Mr Grebe : The modelling conducted by JASCO, which is an independent contractor with extensive global experience in modelling—

Senator PATRICK: Don't rely on the presentation. I'm actually after a technical answer to a very technical question. I'm saying this is quite a significant error in the modelling that's been used. You cannot use a mean. Go and talk to them—

Mr Grebe : I haven't addressed the mean point yet. The seismic survey's not been conducted in May—

Senator PATRICK: It doesn't matter. The point is all you have used is a mean. Using the mean is absolutely the wrong technique to use. You need to use the worst case because, when you're conducting the seismic testing over several months, you are sure to have, in those several months, a very strong surface duct.
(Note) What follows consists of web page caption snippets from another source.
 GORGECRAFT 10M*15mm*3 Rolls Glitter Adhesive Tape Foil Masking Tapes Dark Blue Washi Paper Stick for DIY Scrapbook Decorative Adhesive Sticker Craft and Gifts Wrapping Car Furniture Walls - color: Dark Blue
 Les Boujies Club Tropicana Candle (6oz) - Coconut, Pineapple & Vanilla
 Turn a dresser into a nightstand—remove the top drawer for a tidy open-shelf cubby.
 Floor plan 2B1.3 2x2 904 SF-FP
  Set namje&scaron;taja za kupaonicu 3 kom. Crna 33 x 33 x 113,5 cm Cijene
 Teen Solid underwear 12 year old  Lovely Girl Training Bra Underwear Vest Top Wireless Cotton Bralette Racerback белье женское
I can almost guarantee you that from my experience operating in the Great Australian Bight—

Mr Grebe : In those months, are you talking about?

Senator PATRICK: Well, in submarines. But I can assure you, it changes from day to day.

Mr Grebe : I appreciate that it changes day to day. But the survey isn't being conducted in May; it's being conducted in September-October and through November. I appreciate there's change, but the potential for that big a change in sound speed profiles in those months, even using—

Senator PATRICK: You're under oath, and I think you're guessing.

Mr Grebe : I can take on notice a commitment to respond in detail—

Senator PATRICK: It might be a better idea to do that, because, quite seriously, I'm very familiar in this space. I used to teach this stuff.

Mr Grebe : I appreciate that.

Senator PATRICK: Following on from that, do you know where the peak for the transmission frequency is? It's clearly a broadband source. What's the peak frequency for transmission?

Mr Grebe : For the source? The peak sound pressure level?

Senator PATRICK: Yes. It will have a frequency range. At each different frequency it will have a different source level, and it will have a peak at a particular source level—at some particular frequency will be where the peak of the energy is.

Mr Grebe : It's complicated in the array, but, in any case, the peak SPL across all frequencies is 255 pascals.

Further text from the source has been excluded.